Exercise prompt >> Search the material for the string "Series", then return every line where it is found.

━━━ Input for this task ━━━

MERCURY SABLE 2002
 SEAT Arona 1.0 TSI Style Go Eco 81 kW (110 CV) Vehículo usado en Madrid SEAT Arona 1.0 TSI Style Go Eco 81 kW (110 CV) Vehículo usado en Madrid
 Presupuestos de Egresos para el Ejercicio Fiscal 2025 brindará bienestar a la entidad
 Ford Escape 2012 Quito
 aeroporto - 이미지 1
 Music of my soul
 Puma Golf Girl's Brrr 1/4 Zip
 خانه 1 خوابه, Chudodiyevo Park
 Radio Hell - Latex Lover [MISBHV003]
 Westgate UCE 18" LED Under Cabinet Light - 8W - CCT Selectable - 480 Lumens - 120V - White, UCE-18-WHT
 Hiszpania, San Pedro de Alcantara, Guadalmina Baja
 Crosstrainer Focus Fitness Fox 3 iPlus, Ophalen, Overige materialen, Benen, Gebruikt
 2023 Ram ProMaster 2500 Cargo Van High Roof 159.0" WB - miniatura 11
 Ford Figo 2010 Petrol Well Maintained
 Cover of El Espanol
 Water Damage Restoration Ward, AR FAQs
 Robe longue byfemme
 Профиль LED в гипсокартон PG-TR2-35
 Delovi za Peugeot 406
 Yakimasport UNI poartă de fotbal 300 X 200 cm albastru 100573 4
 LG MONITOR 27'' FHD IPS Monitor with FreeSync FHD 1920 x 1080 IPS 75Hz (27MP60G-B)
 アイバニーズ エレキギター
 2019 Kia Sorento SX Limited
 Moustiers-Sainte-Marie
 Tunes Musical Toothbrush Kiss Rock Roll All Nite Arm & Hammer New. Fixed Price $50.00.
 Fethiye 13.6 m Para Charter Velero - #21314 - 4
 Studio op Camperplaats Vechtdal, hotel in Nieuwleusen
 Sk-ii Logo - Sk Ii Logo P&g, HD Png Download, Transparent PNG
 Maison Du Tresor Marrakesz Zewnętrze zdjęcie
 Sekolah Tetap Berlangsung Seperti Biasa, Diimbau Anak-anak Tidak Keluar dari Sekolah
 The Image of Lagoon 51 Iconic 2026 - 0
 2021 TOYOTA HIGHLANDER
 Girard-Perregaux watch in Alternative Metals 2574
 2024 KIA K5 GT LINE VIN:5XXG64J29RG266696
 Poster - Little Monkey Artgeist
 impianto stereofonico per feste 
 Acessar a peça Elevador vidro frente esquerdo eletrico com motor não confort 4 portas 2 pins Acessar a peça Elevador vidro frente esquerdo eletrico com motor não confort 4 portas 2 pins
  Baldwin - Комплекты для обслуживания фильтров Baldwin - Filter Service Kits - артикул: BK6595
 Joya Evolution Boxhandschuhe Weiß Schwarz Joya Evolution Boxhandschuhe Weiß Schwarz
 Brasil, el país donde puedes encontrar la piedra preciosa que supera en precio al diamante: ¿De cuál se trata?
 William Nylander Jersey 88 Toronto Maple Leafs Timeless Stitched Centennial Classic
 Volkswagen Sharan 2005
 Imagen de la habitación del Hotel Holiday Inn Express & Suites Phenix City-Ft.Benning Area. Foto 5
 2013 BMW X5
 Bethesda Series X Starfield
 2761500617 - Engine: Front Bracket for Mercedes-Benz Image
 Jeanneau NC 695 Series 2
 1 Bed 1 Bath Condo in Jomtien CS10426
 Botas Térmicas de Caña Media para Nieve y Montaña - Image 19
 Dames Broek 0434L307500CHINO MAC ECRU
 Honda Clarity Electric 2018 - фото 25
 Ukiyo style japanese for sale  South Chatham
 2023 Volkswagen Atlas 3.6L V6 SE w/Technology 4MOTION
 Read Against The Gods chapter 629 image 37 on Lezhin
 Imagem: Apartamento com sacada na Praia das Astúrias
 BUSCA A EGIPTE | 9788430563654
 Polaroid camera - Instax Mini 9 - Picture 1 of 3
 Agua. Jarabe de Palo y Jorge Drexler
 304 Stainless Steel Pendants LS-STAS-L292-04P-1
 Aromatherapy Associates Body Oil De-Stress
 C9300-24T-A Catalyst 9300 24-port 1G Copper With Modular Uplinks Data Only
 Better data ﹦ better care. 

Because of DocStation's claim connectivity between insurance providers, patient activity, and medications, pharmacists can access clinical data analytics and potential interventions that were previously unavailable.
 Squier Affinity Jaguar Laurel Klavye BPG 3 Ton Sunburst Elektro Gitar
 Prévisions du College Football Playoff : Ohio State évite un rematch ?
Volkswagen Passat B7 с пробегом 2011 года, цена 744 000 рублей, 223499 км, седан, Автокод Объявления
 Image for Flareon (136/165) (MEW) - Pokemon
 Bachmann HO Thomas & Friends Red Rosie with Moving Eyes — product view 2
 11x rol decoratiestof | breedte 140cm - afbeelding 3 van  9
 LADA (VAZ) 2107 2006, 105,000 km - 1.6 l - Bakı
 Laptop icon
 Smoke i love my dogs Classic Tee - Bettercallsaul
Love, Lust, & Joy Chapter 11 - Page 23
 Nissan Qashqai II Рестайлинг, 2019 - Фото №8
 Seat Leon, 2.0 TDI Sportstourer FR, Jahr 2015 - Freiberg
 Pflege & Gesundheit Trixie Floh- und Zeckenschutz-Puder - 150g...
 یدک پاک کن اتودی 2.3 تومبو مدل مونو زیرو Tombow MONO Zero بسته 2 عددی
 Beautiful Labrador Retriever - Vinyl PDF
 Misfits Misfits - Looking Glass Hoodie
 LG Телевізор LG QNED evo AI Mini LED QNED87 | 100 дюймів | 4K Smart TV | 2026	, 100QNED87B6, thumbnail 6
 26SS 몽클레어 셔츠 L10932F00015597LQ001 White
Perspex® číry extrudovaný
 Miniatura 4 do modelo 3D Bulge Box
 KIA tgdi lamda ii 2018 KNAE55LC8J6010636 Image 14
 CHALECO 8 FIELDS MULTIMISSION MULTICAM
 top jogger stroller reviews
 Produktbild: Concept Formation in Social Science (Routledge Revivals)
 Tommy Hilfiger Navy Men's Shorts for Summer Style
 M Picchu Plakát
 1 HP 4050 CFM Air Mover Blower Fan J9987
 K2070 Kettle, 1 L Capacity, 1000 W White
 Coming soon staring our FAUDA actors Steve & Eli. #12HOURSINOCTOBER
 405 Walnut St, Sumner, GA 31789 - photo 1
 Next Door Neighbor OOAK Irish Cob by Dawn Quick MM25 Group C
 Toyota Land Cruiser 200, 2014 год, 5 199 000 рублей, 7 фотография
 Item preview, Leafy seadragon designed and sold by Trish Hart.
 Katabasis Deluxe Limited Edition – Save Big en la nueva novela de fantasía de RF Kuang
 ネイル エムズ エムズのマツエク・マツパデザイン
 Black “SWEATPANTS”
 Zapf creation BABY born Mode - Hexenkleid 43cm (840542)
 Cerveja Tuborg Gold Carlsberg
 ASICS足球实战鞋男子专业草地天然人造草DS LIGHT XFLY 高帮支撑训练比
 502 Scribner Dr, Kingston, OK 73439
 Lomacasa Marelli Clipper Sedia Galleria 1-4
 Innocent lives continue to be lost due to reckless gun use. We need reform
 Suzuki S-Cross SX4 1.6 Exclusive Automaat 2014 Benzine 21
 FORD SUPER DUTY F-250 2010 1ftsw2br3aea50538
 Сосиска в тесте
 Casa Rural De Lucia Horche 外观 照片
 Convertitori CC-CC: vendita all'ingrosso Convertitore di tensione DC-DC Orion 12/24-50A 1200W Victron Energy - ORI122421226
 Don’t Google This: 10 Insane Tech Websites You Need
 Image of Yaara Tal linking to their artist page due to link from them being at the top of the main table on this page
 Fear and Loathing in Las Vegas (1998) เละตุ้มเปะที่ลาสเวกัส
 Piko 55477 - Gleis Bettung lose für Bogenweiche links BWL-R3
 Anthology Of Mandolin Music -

━━━

Task output >>
 Bethesda Series X Starfield
 Jeanneau NC 695 Series 2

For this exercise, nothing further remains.